[Short web captions]
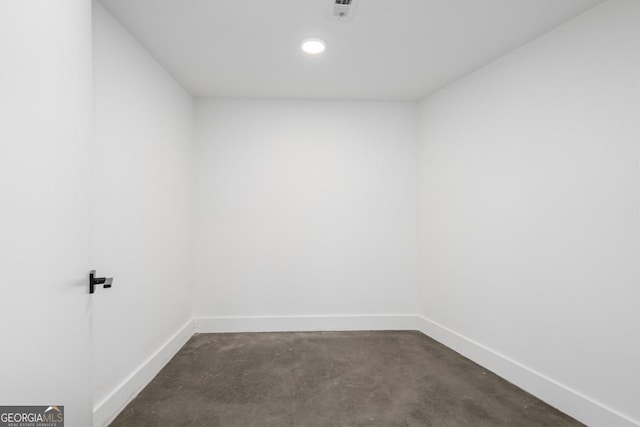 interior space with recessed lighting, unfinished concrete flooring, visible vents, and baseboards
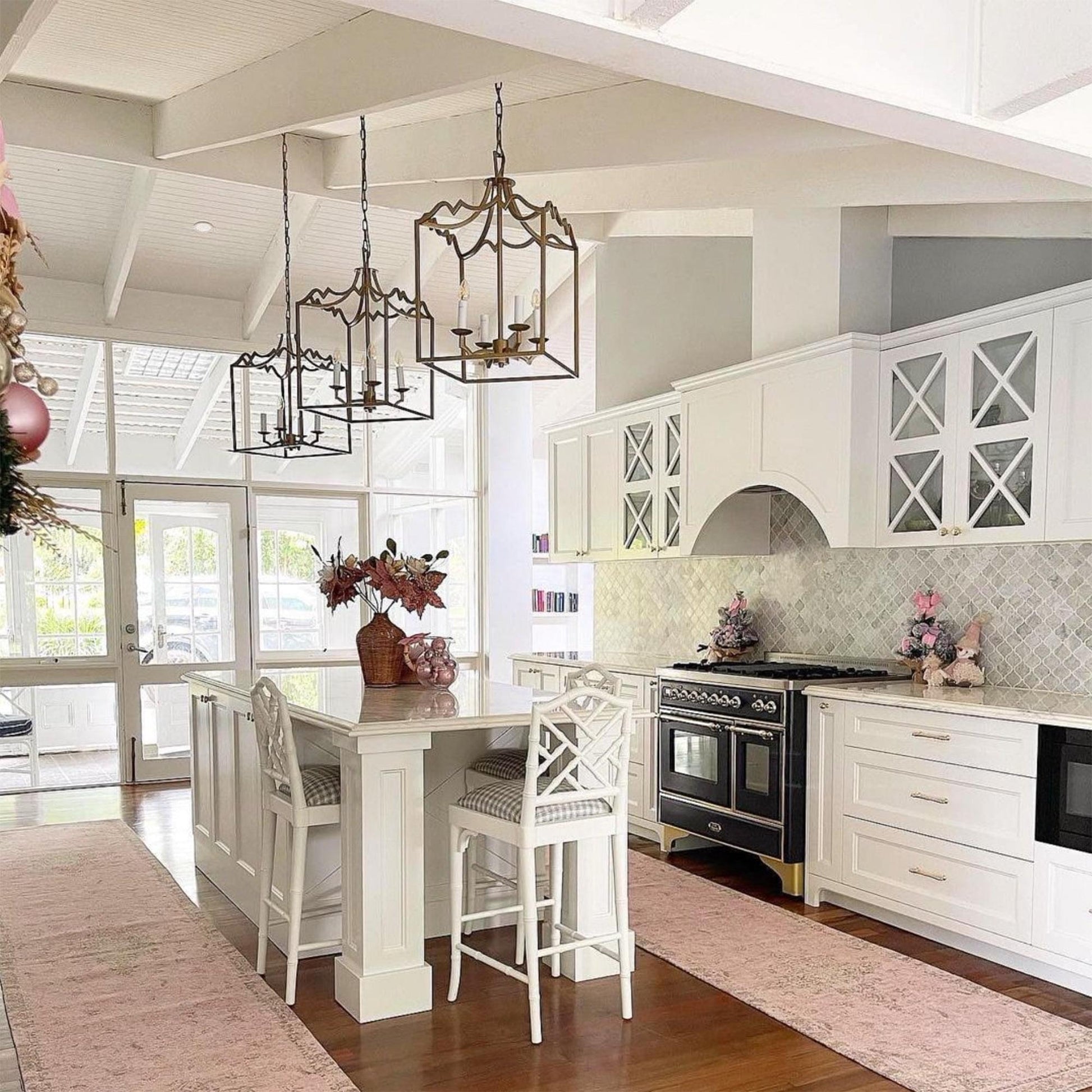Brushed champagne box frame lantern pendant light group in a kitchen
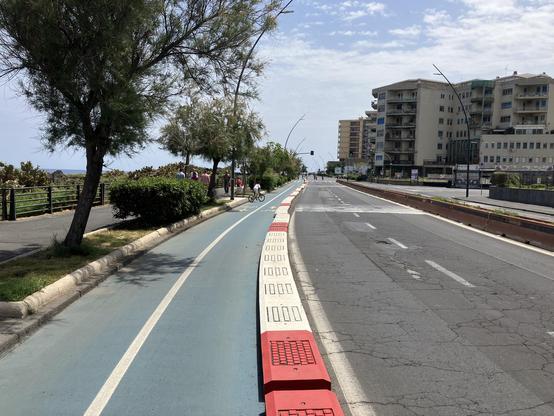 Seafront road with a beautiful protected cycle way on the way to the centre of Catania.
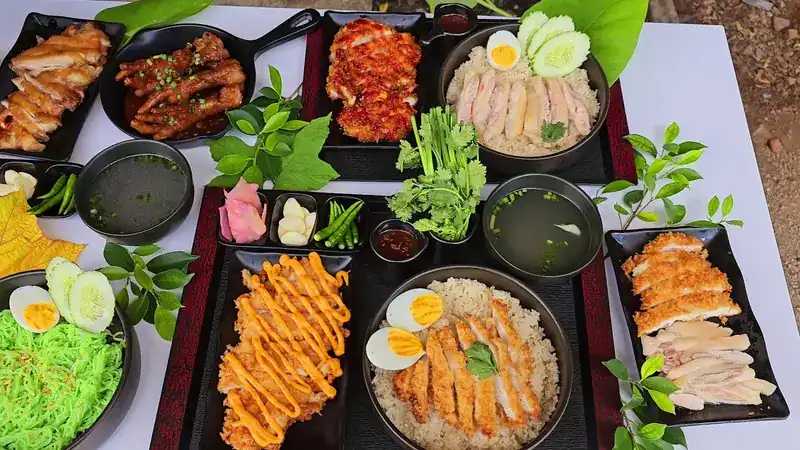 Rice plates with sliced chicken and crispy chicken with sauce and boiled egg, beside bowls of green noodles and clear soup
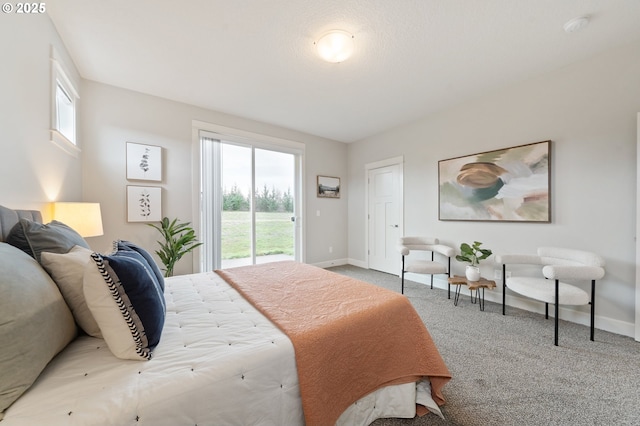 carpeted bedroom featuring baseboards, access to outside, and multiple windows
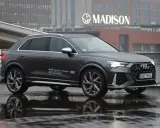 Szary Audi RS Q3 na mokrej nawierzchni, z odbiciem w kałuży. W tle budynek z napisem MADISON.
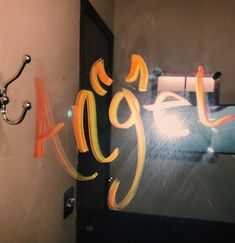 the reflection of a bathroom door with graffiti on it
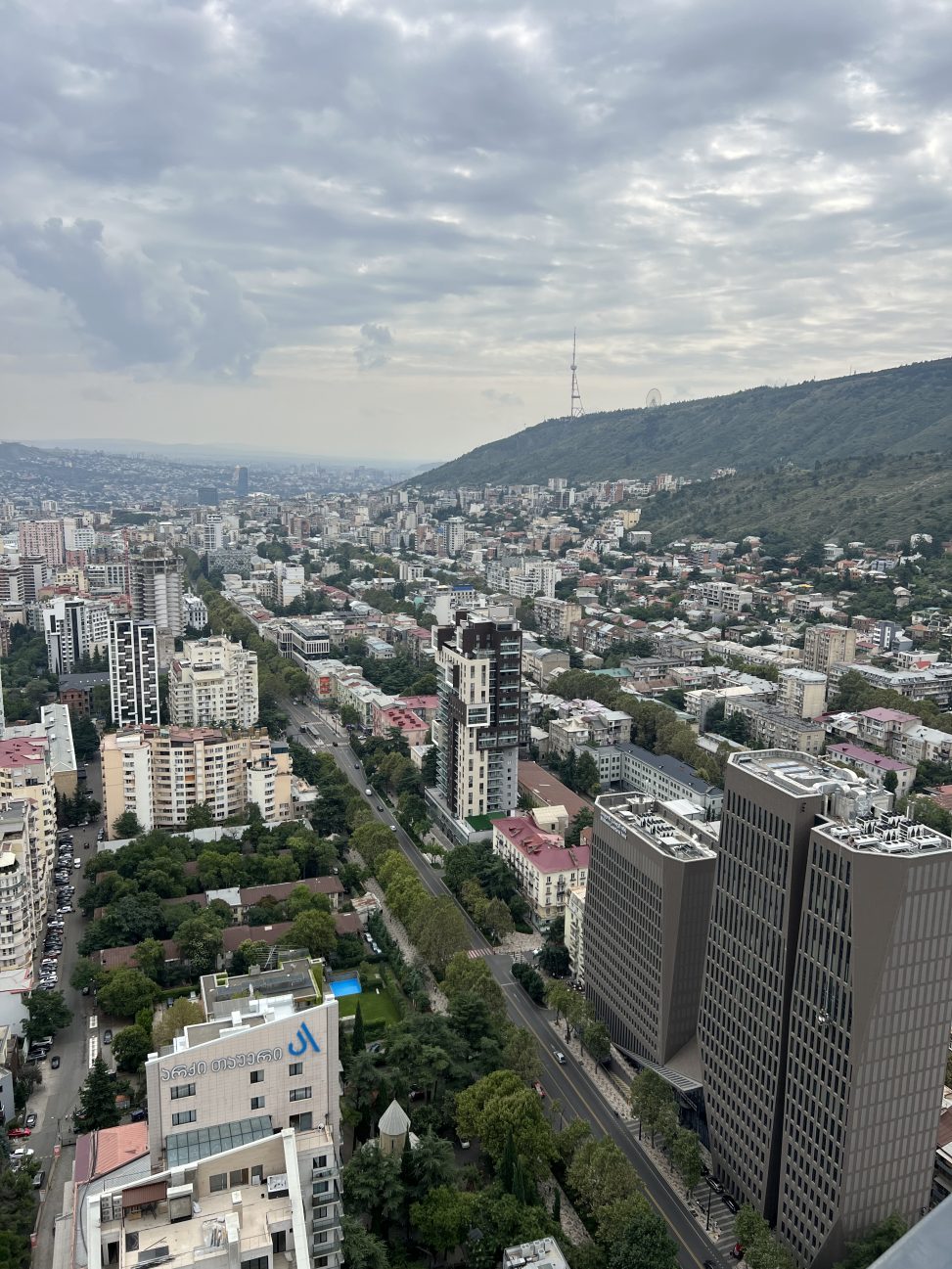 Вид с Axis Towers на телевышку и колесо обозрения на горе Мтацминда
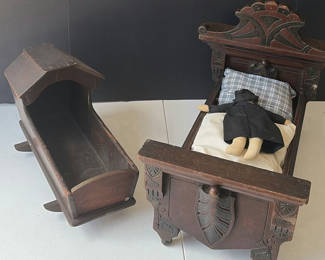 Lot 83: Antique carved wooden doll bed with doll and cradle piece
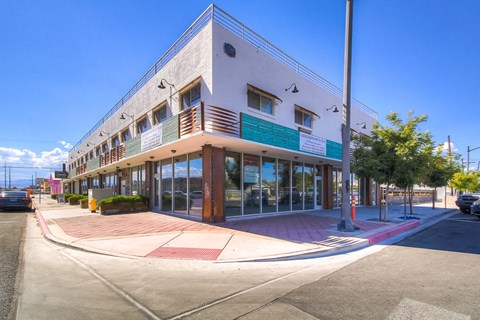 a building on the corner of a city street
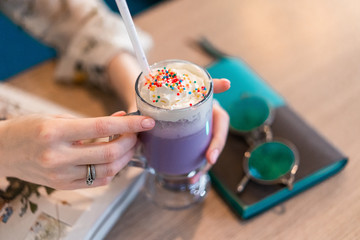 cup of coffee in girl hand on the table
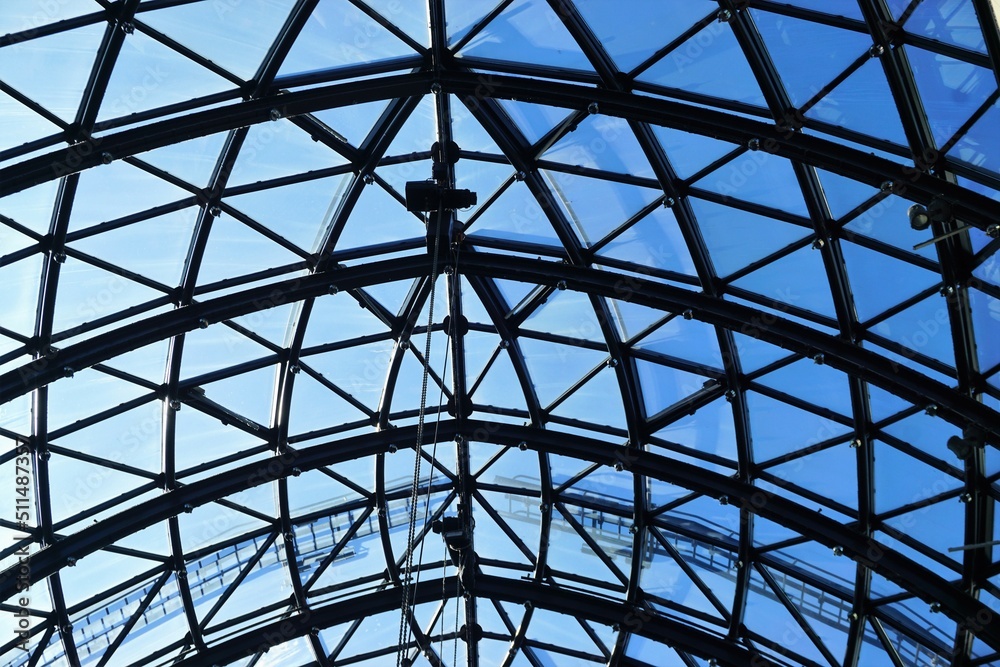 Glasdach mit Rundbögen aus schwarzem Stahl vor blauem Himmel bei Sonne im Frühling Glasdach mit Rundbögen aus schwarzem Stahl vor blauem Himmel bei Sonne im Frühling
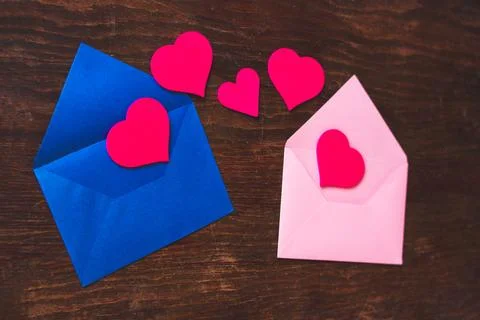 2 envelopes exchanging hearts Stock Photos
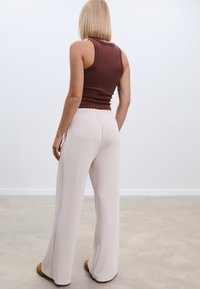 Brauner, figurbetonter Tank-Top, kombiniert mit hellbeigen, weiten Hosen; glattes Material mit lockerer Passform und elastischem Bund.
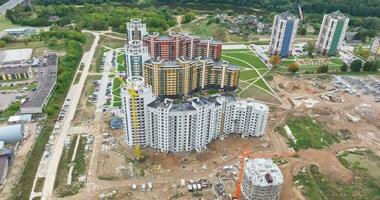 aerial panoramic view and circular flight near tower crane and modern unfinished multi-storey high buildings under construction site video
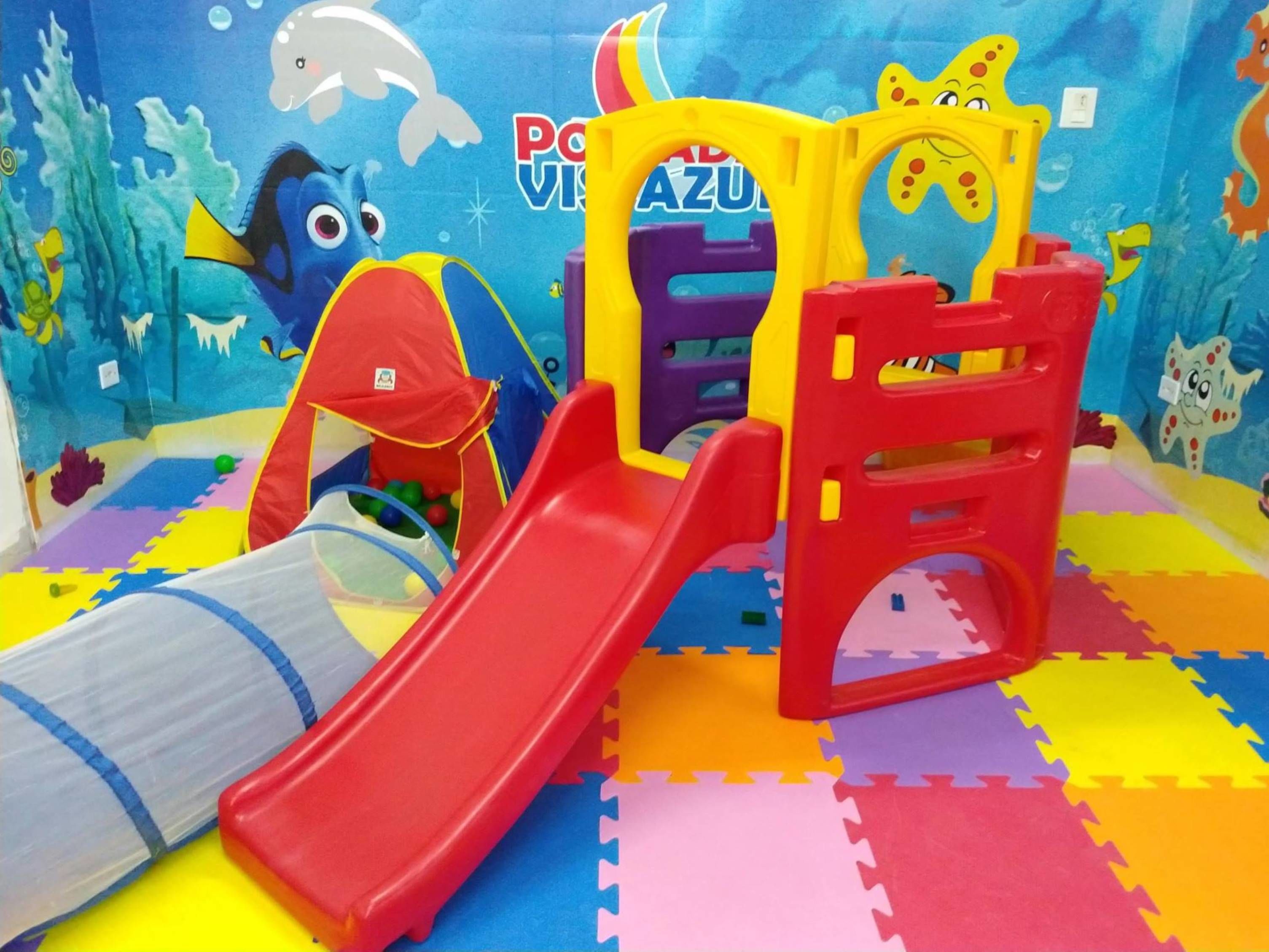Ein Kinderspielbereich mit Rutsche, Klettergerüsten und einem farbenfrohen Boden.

- WHAT NEEDS TO BE DONE
Repeat only what lies between the start of the data and the end of the line containing "carpeted bedroom featuring", exactly, with pictures left out.

- RESPONSE AREA
 interior space with recessed lighting, unfinished concrete flooring, visible vents, and baseboards
Brushed champagne box frame lantern pendant light group in a kitchen
 Seafront road with a beautiful protected cycle way on the way to the centre of Catania.
 Rice plates with sliced chicken and crispy chicken with sauce and boiled egg, beside bowls of green noodles and clear soup
 carpeted bedroom featuring baseboards, access to outside, and multiple windows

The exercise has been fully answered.